Love your enemies... Then your reward from heaven will be very great... You must be compassionate, just as your Father is compassionate. - Luke 6:35-36

The rationalizations don't hold

I used to defend these passages myself, with the rationales I'd been handed. "Those nations were so far gone there was no redeeming them; even the children would grow up to seek revenge." That might satisfy your mind for a while, especially coming from someone you regard as an authority. But examine it honestly and it falls apart. Genocide doesn't remove evil; it removes a group of people. Sin is a human condition, not the property of one tribe - and it always comes back in another form. The attempt rarely even works: the Amalekites show up again fifteen chapters later, and again in the days of Hezekiah, and Haman in the book of Esther is described as a descendant of their king.

Worse, these explanations put God in a box. If God wanted to judge those nations, why not rain down fire as he'd done before? Why involve the Israelites at all? Better yet, why doesn't the God of mercy that Jesus describes send an emissary to call them to repentance, as he did with Jonah and Nineveh? The unanswerable questions all share one unstated premise: why does the all-powerful, all-loving, all-wise God of the universe so often respond in ways that look exactly like the violent, tribal norms of the ancient societies that existed a thousand years before Christ - rather than higher than them?

The same verse that breaks people can also free them

Here's the irony. The very verse that triggers the crisis - "all Scripture is inspired by God" - is also the one that can set us free. The word translated "God-breathed" is a Greek term, theopneustos, that Paul may well have coined himself. It's actually closer to the way we use inspire today than people assume; our English word comes from the Latin for "to breathe into." And the way the phrase is built implies an intermediary - a human being who was inspired by God and then wrote.

That, to me, is one of the amazing things about Scripture. God inspired human authors to tell his story in their own voices - their walks with him, their relationships with him, their understanding of him, and sometimes their lack of understanding. He let his broken creation tell his story in ways that resonated with their cultures and time periods, in images those ancient people understood. And because they were limited human beings trying to describe a God whose ways are so far above theirs, their fingerprints are on the page. Sometimes they portrayed God as a mirror of their own culture and experience. That's why God is represented so differently from chapter to chapter, author to author, era to era - sometimes that speaks to the nature of God, and sometimes it speaks to the way people in that time and place imagined him.

But here's the anchor: no matter how God is portrayed, every idea we form about him and about Scripture must submit to Jesus, who is the purest revelation of God - God in the flesh.
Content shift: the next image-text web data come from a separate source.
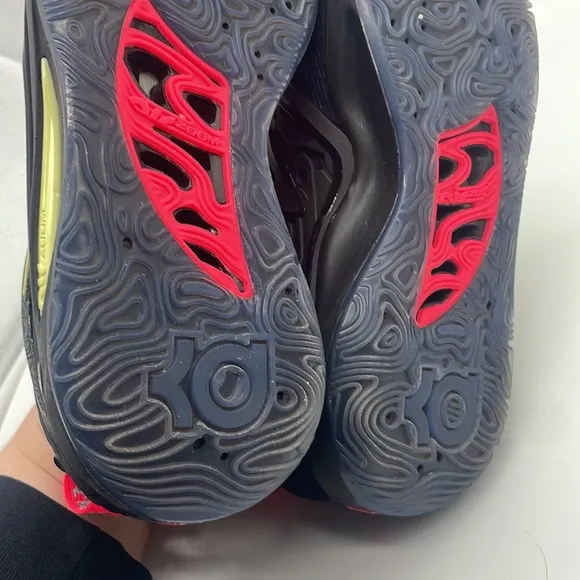 Men’s Nike KD15 Multi Colored DC1975-001 USED Size 8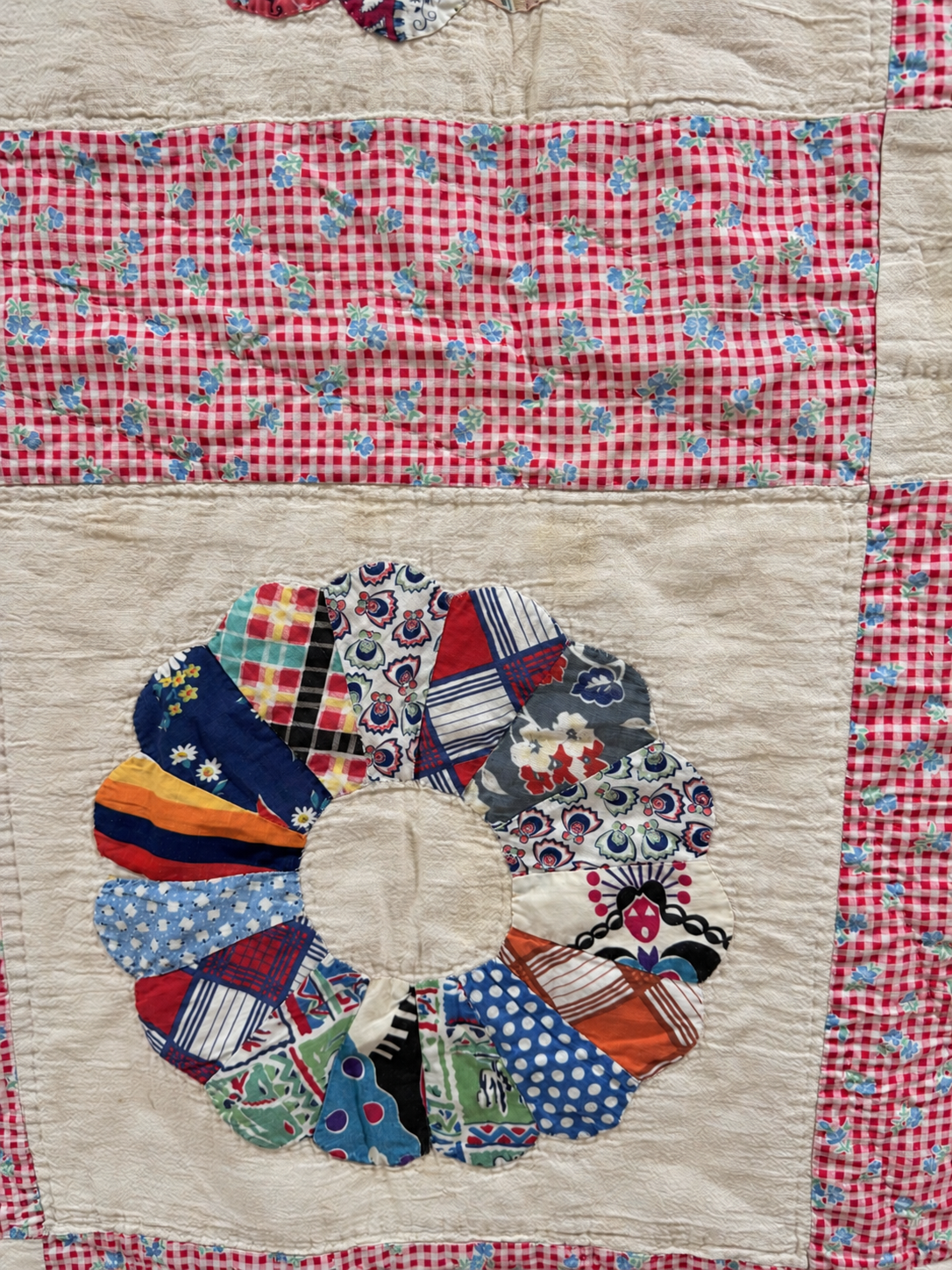 Vintage Quilt Calico Sash Dresden Plate Variation
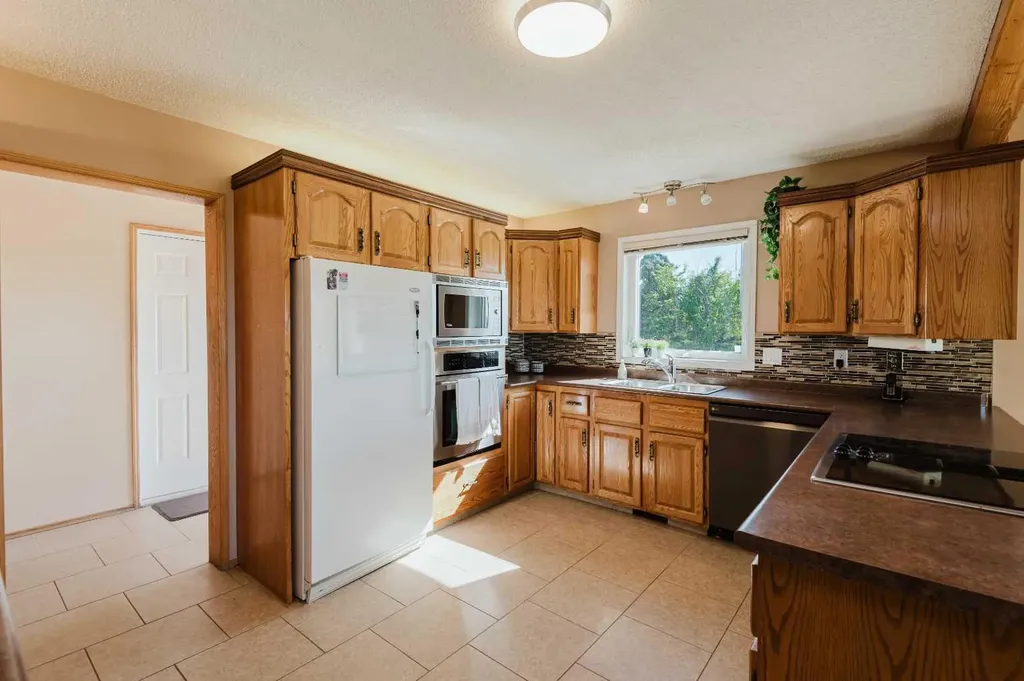80057 712 Township Wembley AB T8W 5K4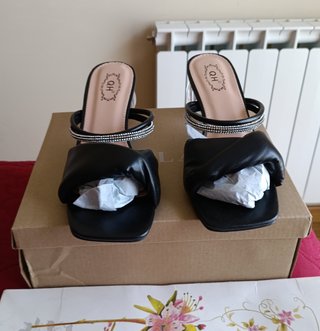 Sandalias negras elegantes con strass T38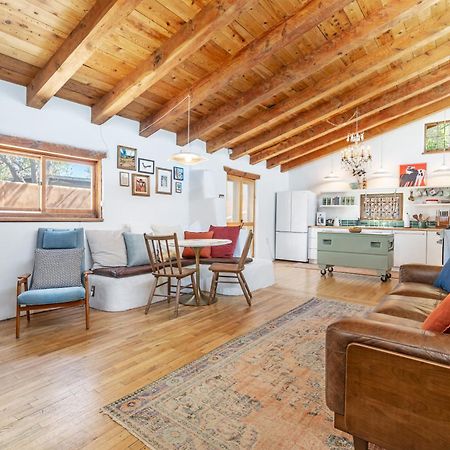 Heart Of Santa Fe - Adorable Hideaway - King And Queen - Walk To Everything - Fireplace - Ac Zewnętrze zdjęcie
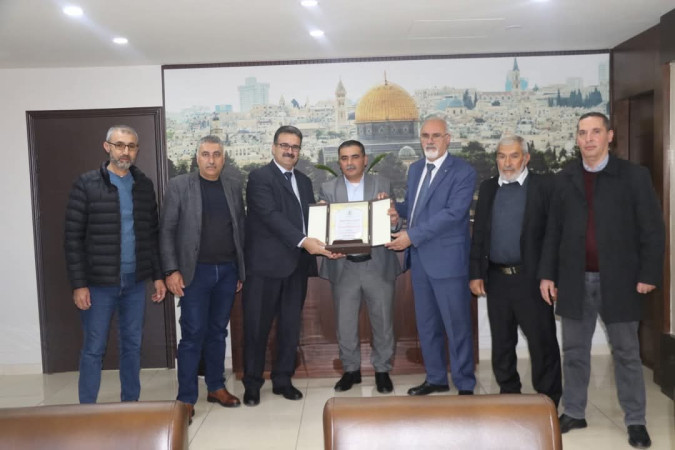 البلدية تعرض على وزير الزراعة احتياجات المنطقة الزراعية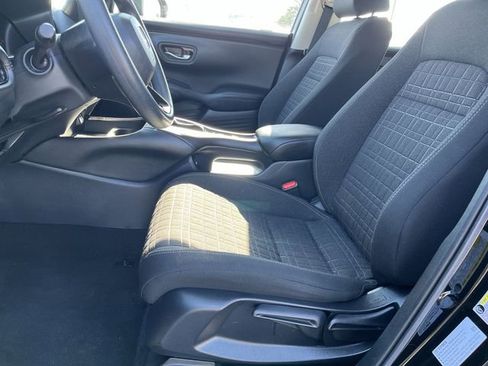 Used 2023 Honda HR-V LX image 15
Whatever words we read, inspired or otherwise, must bow to the Word as John describes him. Can you imagine the Word - Jesus - commanding you to go into the next city over (Torrance, let's say) and kill every man, woman, child, baby, and pet? Yeah. Neither can I.

Jesus corrects the record

Watch how Jesus himself handles Scripture. The Law said, "An eye for an eye, a tooth for a tooth." Jesus quoted it - and then said something startling:

You have heard the law that says... "An eye for an eye." But I say, do not resist an evil person! - Matthew 5:38-39

You have heard the law that says, "Love your neighbor and hate your enemy." But I say, love your enemies! - Matthew 5:43-44

Jesus used Scripture - because it is useful for teaching, rebuking, correcting, and training in righteousness. And sometimes the correcting he did was correcting wrong human ideas about God, his will, and his nature, retraining us to follow his example instead. So here's a question for the verbal-plenary view: if every single word was dictated by God, why did Jesus - who is one with the Father - have to come and correct the record? Why wasn't it clear the first time? That's worth sitting with.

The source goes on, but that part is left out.